*Your objective*:
Copy the lines below that contain "Love".

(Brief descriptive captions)
_ _ _ _ _ _ _
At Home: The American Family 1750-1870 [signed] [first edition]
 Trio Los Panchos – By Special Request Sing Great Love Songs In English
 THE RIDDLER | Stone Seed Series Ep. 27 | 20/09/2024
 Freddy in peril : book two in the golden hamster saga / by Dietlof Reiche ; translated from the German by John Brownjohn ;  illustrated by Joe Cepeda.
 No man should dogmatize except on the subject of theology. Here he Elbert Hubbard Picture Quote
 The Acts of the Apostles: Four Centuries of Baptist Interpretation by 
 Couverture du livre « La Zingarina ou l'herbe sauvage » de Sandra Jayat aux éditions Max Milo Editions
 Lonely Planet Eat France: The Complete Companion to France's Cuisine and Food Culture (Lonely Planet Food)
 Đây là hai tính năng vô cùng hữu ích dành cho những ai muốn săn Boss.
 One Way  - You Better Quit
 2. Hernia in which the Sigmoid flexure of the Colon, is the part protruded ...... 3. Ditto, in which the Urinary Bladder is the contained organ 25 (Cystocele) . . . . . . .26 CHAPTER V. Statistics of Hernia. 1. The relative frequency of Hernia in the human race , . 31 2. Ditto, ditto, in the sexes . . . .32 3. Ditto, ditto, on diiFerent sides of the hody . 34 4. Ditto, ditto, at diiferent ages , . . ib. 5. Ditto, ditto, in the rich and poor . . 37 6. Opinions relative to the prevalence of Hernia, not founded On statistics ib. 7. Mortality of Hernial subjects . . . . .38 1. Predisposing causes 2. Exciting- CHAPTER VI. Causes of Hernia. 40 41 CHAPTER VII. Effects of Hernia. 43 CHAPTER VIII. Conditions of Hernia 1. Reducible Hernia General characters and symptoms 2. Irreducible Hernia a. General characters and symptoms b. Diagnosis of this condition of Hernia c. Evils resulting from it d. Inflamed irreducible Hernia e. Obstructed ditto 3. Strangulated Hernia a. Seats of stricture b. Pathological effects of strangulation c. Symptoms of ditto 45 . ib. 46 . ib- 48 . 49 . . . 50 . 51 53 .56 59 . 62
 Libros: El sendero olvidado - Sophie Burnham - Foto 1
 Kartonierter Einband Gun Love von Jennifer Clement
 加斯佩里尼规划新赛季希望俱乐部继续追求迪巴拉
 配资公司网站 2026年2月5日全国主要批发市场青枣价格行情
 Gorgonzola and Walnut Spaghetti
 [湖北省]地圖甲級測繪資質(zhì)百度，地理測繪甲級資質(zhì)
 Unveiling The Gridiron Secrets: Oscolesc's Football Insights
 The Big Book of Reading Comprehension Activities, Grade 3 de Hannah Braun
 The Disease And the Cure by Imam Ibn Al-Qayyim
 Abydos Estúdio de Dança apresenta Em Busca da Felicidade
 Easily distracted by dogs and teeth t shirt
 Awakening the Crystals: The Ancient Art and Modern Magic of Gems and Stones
_ _ _ _ _ _ _
*Result of this exercise*:
 Trio Los Panchos – By Special Request Sing Great Love Songs In English
 Kartonierter Einband Gun Love von Jennifer Clement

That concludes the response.